• EXERCISE DESCRIPTION
Exclude all pictures, then copy each of the records exactly as written.

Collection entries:
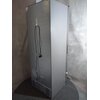 Lodówka HISENSE RT641N4WIE1 3D SkyLine  No frost 200cm Szara Wi-Fi ConnectLife Metal Tech Cooling Liczba pojemników na warzywa 1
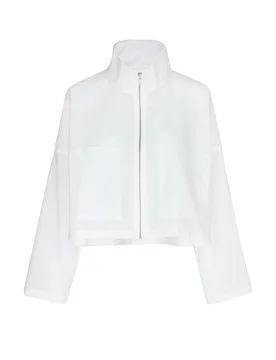 Drykorn Veste ELSTOW_1 blanc 38 - Drykorn - FashionsVida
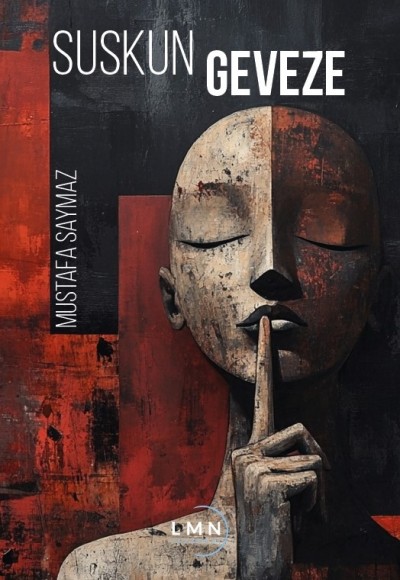 SUSKUN GEVEZE-MUSTAFA SAYMAZ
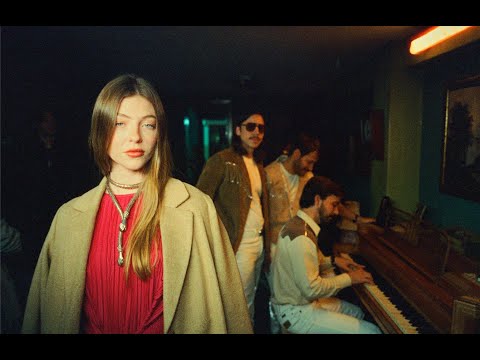 Los Mesoneros - Tu Canción (Video Oficial)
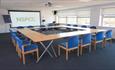 NSPCC National Training Centre Willow Room Boadroom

• SOLUTION BELOW
 Lodówka HISENSE RT641N4WIE1 3D SkyLine  No frost 200cm Szara Wi-Fi ConnectLife Metal Tech Cooling Liczba pojemników na warzywa 1
 Drykorn Veste ELSTOW_1 blanc 38 - Drykorn - FashionsVida
 SUSKUN GEVEZE-MUSTAFA SAYMAZ
 Los Mesoneros - Tu Canción (Video Oficial)
 NSPCC National Training Centre Willow Room Boadroom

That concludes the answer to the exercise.